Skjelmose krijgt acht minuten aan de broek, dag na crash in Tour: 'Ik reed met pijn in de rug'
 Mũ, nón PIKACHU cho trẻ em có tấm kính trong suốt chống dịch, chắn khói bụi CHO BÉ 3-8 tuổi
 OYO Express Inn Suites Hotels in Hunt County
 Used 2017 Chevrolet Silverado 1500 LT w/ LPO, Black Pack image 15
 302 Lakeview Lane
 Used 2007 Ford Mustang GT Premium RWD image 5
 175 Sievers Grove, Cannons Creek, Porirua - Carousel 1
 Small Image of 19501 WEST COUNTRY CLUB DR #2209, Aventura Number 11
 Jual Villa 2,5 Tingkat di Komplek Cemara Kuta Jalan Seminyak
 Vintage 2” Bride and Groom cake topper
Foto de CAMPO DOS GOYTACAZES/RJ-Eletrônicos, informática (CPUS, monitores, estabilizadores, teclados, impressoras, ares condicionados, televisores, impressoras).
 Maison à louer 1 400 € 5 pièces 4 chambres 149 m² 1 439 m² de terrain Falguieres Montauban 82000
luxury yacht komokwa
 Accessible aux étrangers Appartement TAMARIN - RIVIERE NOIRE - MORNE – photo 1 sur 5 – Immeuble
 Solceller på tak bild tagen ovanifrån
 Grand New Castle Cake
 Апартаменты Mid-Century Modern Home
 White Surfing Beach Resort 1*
------------
What this task involves:
Lines from the entries that contain the string "Used" are what must be copied.

Exercise output:
 Used 2017 Chevrolet Silverado 1500 LT w/ LPO, Black Pack image 15
 Used 2007 Ford Mustang GT Premium RWD image 5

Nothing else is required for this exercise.